Washington has said that “time is working against Gaddafi” but political rhetoric seems to have outstripped what the military, constrained by the UN’s March resolution, can deliver. The tacit strategy now seems to be one of “accidental assassination” with the hope that repeated air attacks on Libyan command centres will do what cannot be admitted to under international law, and kill Gaddafi.
This is a perilous tactic. One strike has apparently killed Saif al-Arab Gaddafi, one of the Libyan leader’s sons. Unlike his brothers, he was not a military commander or propagandist. The fear is that his father could use the death to harden diplomatic reluctance over the war, in Russia and China, among more wary allies, like Germany and Turkey, and incense wider Arab opinion. Even were Gaddafi himself killed, his son Saif al-Islam Gaddafi could take over and continue the war. A de facto partition of Libya looks possible. So does a collapse into Somalia-like factional chaos.

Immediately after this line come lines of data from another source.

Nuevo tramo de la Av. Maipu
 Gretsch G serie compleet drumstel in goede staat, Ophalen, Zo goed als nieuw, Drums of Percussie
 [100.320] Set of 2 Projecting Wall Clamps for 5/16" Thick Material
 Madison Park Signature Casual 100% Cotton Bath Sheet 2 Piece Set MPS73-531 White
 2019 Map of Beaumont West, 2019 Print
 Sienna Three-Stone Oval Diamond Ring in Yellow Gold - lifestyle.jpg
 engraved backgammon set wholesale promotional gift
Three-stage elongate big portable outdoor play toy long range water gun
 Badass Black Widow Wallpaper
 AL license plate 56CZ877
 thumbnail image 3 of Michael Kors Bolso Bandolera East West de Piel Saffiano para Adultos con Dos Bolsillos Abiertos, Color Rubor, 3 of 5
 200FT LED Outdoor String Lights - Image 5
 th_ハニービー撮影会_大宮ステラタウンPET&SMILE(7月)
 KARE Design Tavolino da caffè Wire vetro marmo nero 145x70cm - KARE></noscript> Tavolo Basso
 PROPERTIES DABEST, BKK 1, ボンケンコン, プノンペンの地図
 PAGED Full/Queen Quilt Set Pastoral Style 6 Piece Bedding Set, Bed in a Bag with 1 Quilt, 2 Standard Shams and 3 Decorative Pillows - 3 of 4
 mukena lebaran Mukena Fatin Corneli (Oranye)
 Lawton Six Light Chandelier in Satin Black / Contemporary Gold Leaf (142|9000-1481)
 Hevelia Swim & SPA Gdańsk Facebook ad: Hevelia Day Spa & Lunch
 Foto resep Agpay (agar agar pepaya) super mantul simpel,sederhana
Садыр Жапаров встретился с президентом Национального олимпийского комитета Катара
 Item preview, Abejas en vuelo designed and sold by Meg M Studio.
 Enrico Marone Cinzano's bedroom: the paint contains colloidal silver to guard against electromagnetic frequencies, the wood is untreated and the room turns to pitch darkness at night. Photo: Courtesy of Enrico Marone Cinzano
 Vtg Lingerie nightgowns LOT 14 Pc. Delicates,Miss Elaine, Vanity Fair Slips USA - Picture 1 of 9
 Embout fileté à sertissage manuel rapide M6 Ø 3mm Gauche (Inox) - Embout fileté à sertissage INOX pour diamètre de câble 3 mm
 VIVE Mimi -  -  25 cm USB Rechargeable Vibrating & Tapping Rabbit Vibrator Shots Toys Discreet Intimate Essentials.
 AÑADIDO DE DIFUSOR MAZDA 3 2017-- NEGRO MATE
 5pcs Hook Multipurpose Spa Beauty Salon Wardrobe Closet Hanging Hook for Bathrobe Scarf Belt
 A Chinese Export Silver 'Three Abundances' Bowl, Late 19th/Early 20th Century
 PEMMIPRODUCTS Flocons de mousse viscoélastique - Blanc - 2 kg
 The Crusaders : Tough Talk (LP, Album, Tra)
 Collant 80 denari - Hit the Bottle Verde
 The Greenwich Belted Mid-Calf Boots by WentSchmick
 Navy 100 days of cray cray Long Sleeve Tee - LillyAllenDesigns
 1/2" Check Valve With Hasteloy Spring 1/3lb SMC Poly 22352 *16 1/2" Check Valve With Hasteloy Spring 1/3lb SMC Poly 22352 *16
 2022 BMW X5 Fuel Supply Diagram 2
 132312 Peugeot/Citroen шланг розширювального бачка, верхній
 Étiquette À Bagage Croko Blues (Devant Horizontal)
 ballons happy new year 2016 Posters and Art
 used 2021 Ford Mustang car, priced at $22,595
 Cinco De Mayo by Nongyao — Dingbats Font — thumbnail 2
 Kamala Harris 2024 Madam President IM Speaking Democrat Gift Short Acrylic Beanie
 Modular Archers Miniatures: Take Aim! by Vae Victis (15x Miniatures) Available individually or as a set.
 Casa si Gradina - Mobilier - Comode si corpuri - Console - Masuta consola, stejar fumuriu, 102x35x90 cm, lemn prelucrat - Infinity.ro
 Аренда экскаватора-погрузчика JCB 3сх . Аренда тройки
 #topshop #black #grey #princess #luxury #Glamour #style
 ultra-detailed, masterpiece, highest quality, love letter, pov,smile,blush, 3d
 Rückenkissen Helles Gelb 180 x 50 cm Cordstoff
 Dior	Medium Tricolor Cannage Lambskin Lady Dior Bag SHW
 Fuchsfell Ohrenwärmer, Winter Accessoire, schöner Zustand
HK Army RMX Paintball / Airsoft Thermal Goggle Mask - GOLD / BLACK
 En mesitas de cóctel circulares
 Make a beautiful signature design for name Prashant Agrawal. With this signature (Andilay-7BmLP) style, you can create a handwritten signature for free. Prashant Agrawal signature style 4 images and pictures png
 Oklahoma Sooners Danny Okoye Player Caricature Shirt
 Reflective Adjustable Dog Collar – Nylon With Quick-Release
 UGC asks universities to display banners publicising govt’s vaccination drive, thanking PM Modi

The horror of the current situation should not be underestimated. There are worrying reports of organised rape, with 295 instances now documented. But the lack of clarity about this operation, confused from the outset, is ever-more apparent. Barack Obama and David Cameron have jointly vowed to continue the military strikes until UN resolution 1973 has been “completely complied with”. Yet what does that mean? With a cagey US administration eager to hold this “European war” at arms length that could eventually leave Britain and France bearing the military burden alone – with no exit strategy and no real idea what might a post-Gaddafi Libya look like. These are dangerous times.